Ma non si ferma ancora, arriva al porticciolo di Porto Palo, «dove la strada finisce contro un muretto lungo il mare: a sinistra sotto un costone giallo una decina di barche malandate, a destra una spiaggetta incoronata da dei fichi d’India che sono dei monumenti. E non mi fermo ancora. Lì davanti c’è un isolotto, tutto sabbia e fichi d’India, con una torre barocca. Chiedo a uno dei giovani che, come sempre, sono seduti sul muretto: “Mi puoi portare su quell’isola? Come si chiama?”. “Isola di Porto Palo!”, mi fa sconcertato, perché forse per lui l’isola non ha nome. Scende verso la barca, e remando lentamente attraversa il piccolo braccio di mare, reso turchino e rosa dalla luce morente. Sbarchiamo sull’isolotto, sotto la torre, e, già quasi nell’ombra tenerissima, odorosissima della notte, faccio il bagno nella più povera e lontana spiaggia d’Italia».
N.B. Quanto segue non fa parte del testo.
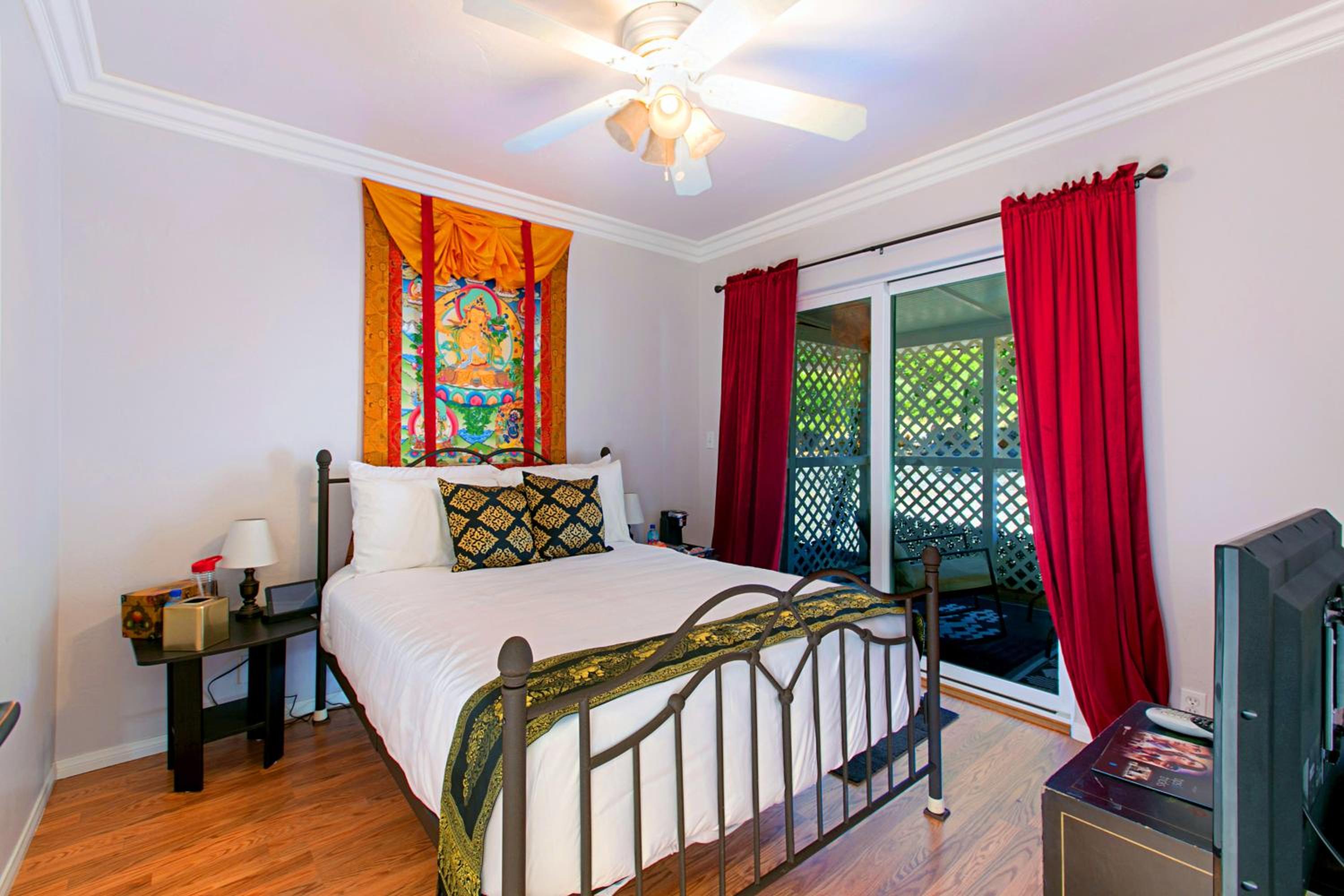 Small Twin Room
Lascia la Sicilia per la prossima tappa, ma confesserà: «avevo sempre pensato e detto che la città dove preferisco vivere è Roma, seguita da Ferrara e Livorno. Ma non avevo visto ancora, e conosciuto bene, Reggio, Catania, Siracusa. Non c’è dubbio, non c’è il minimo dubbio che vorrei vivere qui: vivere e morirci, non di pace, come con Lawrence a Ravello, ma di gioia».